Beginning with the line containing "Arthus Bertrand silver bracelet" and ending at the last line of the data, set down every line exactly, leaving out all pictures.

▶ Records contained in a dataset:
______________________________

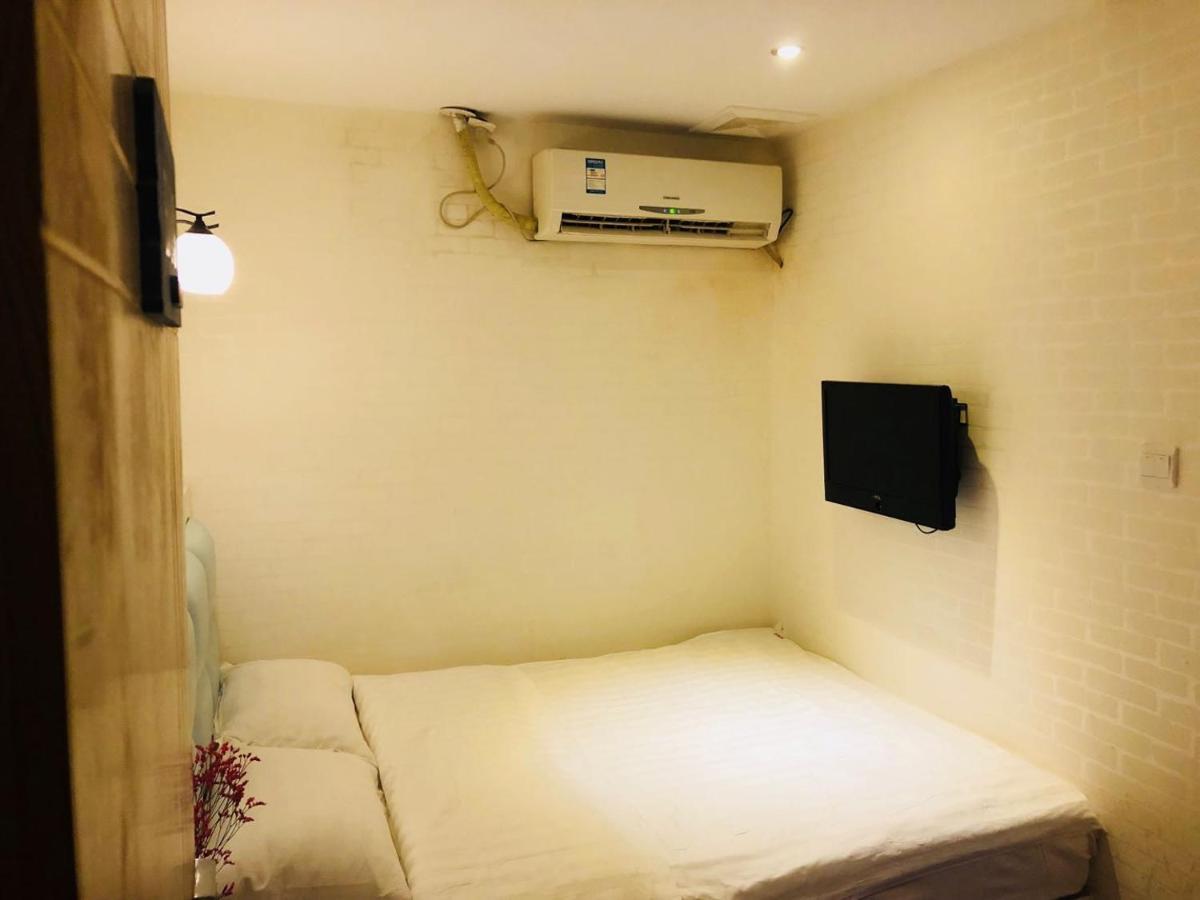 Luoyang Heartland International Youth Hostel Buitenkant foto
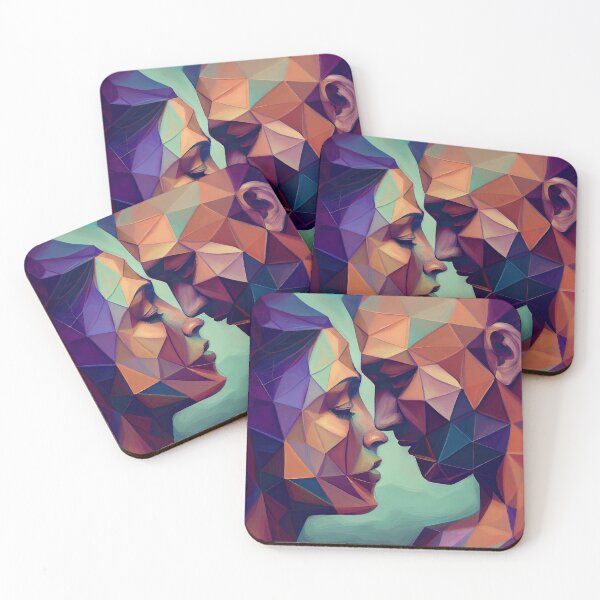 Item preview, Couple in love 10 designed and sold by Laguardia3D.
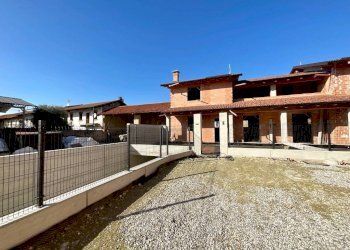 Facciata - Villa a Schiera Villafalletto - foto 22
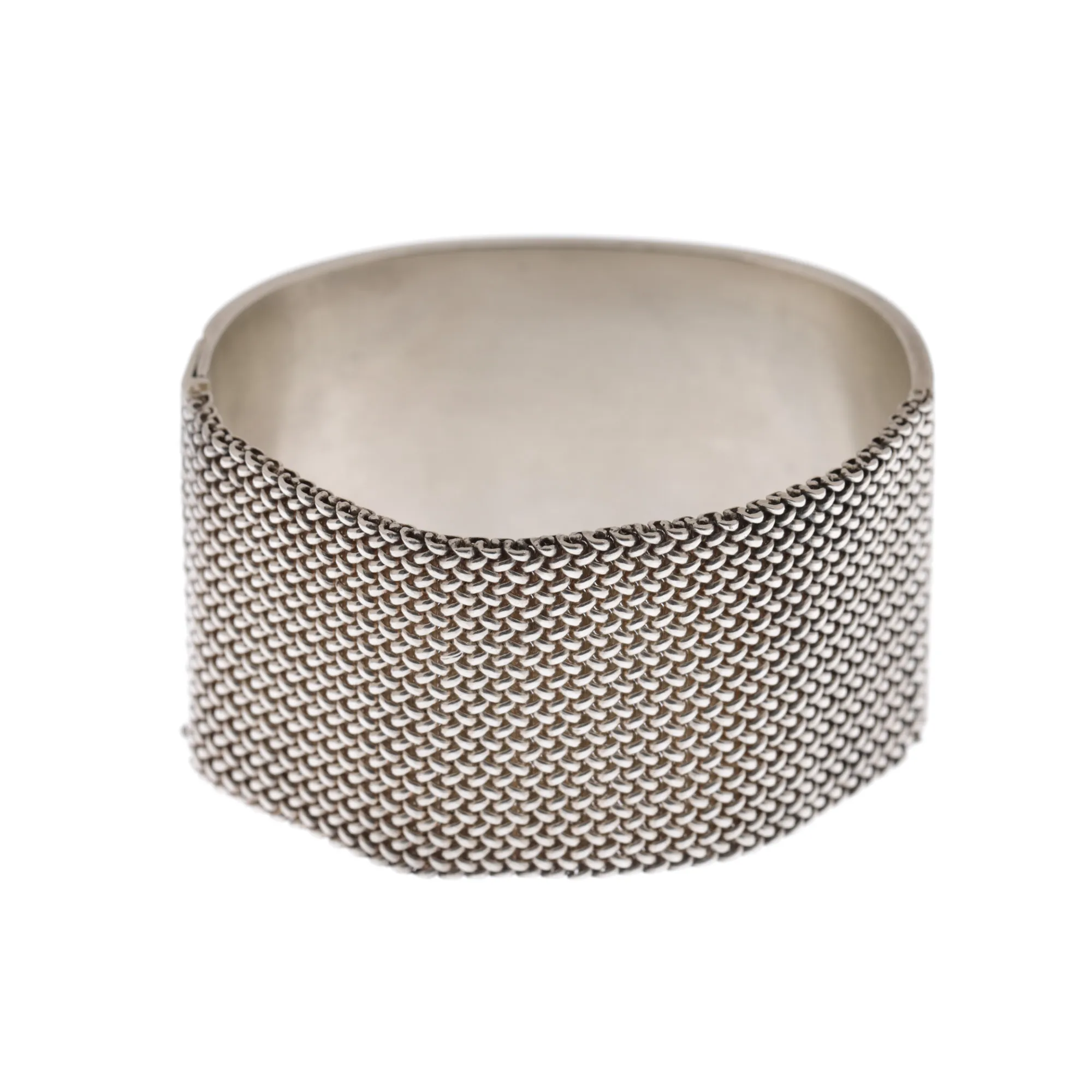Arthus Bertrand silver bracelet
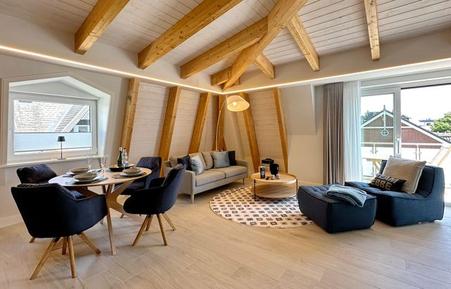 Für 2 Personen: Hübsches Apartment / Ferienwohnung in der Region Sylt
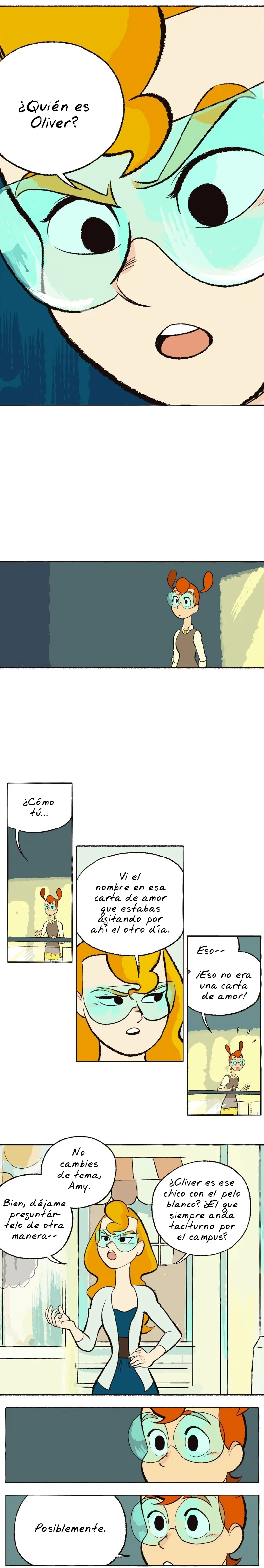 Space Boy capítulo 53, página 5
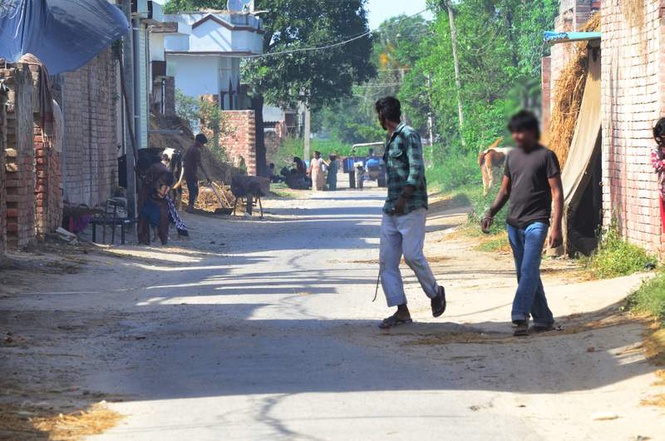 Image from: Ministry of Panchayati Raj to formulate digital system to code, grade every village roads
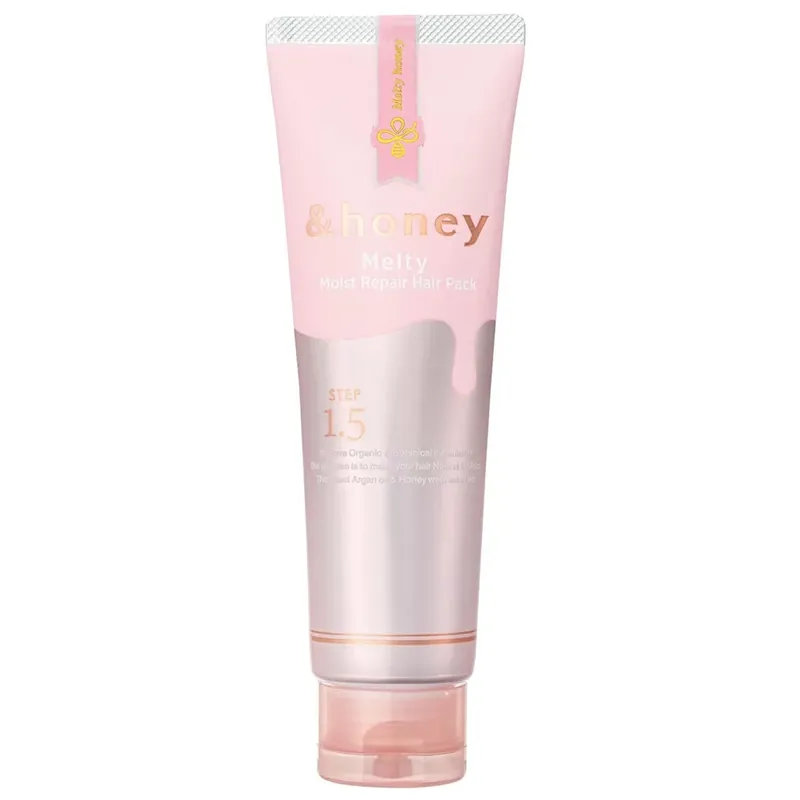 Expressz kézbesítés And Honey Melty Moist 1.5 Hajkezelés 130g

______________________________

▶ RESULT FOR THIS EXERCISE:
Arthus Bertrand silver bracelet
 Für 2 Personen: Hübsches Apartment / Ferienwohnung in der Region Sylt
 Space Boy capítulo 53, página 5
 Image from: Ministry of Panchayati Raj to formulate digital system to code, grade every village roads
 Expressz kézbesítés And Honey Melty Moist 1.5 Hajkezelés 130g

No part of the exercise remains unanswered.